Back in the late Eighties, Jane’s Addiction burst onto the scene with two massively influential records, 1988’s Nothing’s Shocking and 1990’s Ritual de lo Habitual. Hit singles like “Been Caught Stealing,” “Jane Says” and “Stop!” delivered a unique blend of metal and art rock to the masses and helped set the sonic standard for the alternative Nineties.
But over the years, the band was beset by raging egos, drug abuse and infighting, resulting in a revolving cast of bassists, periodic breakups and one lukewarm studio album, 2003’s Strays. Now the band—which includes founding singer Perry Farrell, guitarist Dave Navarro and drummer Stephen Perkins—has reconvened once again for The Great Escape Artist, an album that by all accounts may return Jane’s to their former glory.
There’s been quite a break since the last Jane’s record. Has your approach to guitar changed in that time?
DAVE NAVARRO Well, as a rock-and-roll, soloing guitar player I’ve pretty much maximized what I can do. I’m not the type of player to sit home and practice scales and work on runs. I love that stuff, but I know myself and I just won't do it. At this point if I’m spending time with a guitar I’d rather write something than work on technique. It’s arguably a downfall for me, but on the flipside it allows me to work on music. I wish I was a shredder that could play everything, but I don’t have the patience. So I guess this time I was more concerned with space, layering and creating beds and atmospheres than soloing techniques.
You do pull out a few gems, though, like the fluid lead on “Underground.”
The truth is that I was really resistant to putting any solos on this record.

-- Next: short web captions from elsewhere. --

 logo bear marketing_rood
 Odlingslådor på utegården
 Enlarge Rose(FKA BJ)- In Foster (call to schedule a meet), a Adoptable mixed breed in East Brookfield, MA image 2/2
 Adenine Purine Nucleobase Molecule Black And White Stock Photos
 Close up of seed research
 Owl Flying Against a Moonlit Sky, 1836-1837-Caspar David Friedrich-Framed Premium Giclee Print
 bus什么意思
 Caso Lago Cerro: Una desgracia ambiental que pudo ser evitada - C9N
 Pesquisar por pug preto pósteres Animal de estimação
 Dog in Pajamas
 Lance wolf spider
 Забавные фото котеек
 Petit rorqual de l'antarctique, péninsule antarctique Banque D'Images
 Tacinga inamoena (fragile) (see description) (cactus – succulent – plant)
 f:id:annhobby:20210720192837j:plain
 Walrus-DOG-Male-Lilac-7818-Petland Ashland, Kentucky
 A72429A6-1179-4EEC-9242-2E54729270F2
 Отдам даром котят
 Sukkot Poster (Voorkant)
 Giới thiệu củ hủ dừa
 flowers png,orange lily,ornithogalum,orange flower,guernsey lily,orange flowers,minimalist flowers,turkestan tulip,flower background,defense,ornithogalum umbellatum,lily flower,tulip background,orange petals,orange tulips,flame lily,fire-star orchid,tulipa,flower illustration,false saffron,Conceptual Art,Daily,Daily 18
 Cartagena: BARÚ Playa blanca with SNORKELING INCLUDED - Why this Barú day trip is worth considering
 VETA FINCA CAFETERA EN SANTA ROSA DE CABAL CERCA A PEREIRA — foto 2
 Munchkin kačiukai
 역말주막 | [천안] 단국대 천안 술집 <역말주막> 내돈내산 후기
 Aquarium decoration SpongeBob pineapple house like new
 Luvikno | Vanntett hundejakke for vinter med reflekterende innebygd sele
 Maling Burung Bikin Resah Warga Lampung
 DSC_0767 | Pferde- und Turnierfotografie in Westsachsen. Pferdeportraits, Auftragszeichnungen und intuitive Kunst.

But [producer] Rich Costey and Perry were both pushing me. So, the solo that ended up on “Underground” was longer than I originally wanted. Basically there’s two times around where I wanted it to end but they forced me to continue into that fast riffing. I guess I felt the initial melody sounded more like something from The Spiders from Mars [David Bowie’s backing band from the early Seventies], especially with the doubled-guitar, Randy Rhoads–style lines. It’s a little dissonant and it works. That said, when we play it live I’ll probably extend that solo even more. I love to solo live, because we’re having a blast onstage and it’s all about the moment.
On “Irresistible Force” your guitar is definitely a focal point, but it’s arranged in such a way that it never takes away from the song.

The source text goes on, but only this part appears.